Writer John Scalzi (
Old Man's War, currently advising SciFi.com on
Stargate Universe)
went off on a new publisher for paying only token wages to authors (0.20 cents per word). Other writers chimed in their agreement, but one aspiring author posted on SFsignal.com (one of my favorite SF sites, btw) that she thought pro-writers' (like Scalzi) indignation was baseless-by demanding higher wages, they would reduce the number of venues publishing stories, making it harder for new authors to break into the industry.
She was roundly criticized by all and sundry. The more intelligent critiques said something like "no one reads those cheap venues anyway, so publishing in places like that won't actually help you break in." The other theme insisted that these low wages would "...not pass if people were properly infuriated and placed a high value on what we do"--so if we just demand high wages we'll get them.

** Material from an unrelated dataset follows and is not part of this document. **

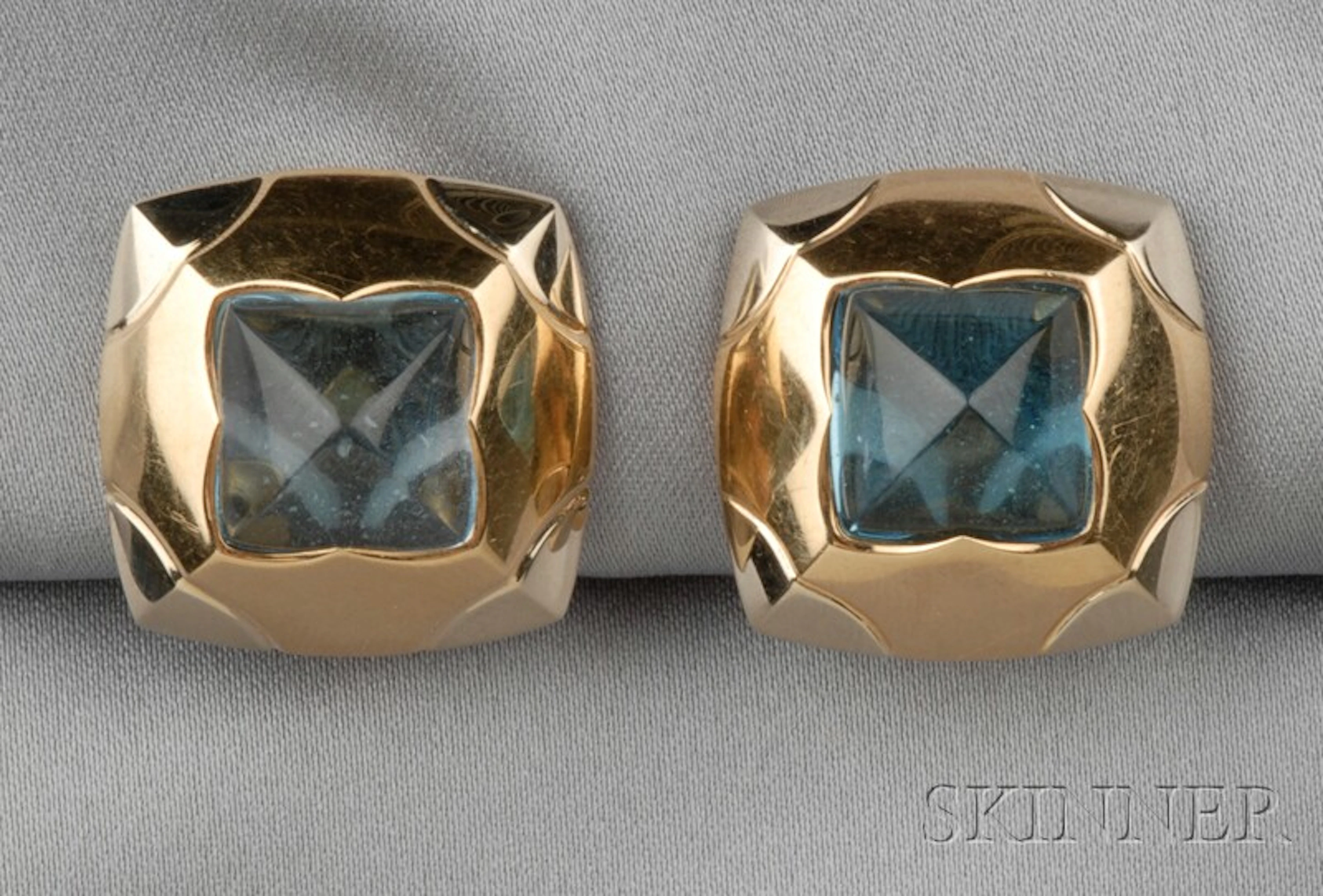 18kt Bicolor Gold and Blue Topaz Pyramid Earclips, Bulgari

It seems to me that her critics persist in an outdated notion of authorship, one where SF is written by "authors," who live on their writing, at least partly (
here is Scalzi's breakdown of his own writing income). In that world, Scalzi and other are right. Marginal venues--only read by a few people, unlikely to lead to anything more--offer false hope to aspiring writers, who think they're making progress by publishing there, and keep on flipping burgers while pursuing a dream. This limited pool of authors can justify decent wages.
My question is, where does that leave people like me, who know they'll never be a pro "author," but think it'd be really cool if someone wanted to read what they write? My eventual goal for that story was a magazine
Afterburn, which pays contributors the princely sum of a $30 Amazon gift certificate. IIRC, the editors were happy because they were rated 20th or so on a list of top electronic SF 'zines (which means they don't even print it on paper). Think about the way blogging has exploded--people (like yours truly)
want to be read. I'd put the world of shareware and open source software in the same category--the quality and sophistication there shows that this desire is not a marginal phenomena. What little I learned about the publishing industry all confirmed that the issue for publishers is an over-supply of manuscripts, a flood of stories arriving at venues of all levels, not just the top pro ones (which says all we need to know about the argument that authors should just insist on higher wages).
In that kind of a world, doesn't it make sense to have a variety of outlets? Quality venues that pay pro wages to attract top authors, middle-of-the-road places where good but unknown authors might get noticed, all the way down to little-known places that only pay a token, for people like me? So what if a story in
Afterburn never gets the attention of a top editor and my SF career never takes off? That's not why I write. Even though Scalzi isn't a favorite author of mine, I admire his talent--I just don't understand why he feels compelled to go off on a publisher that exists for those of us who don't share his talent.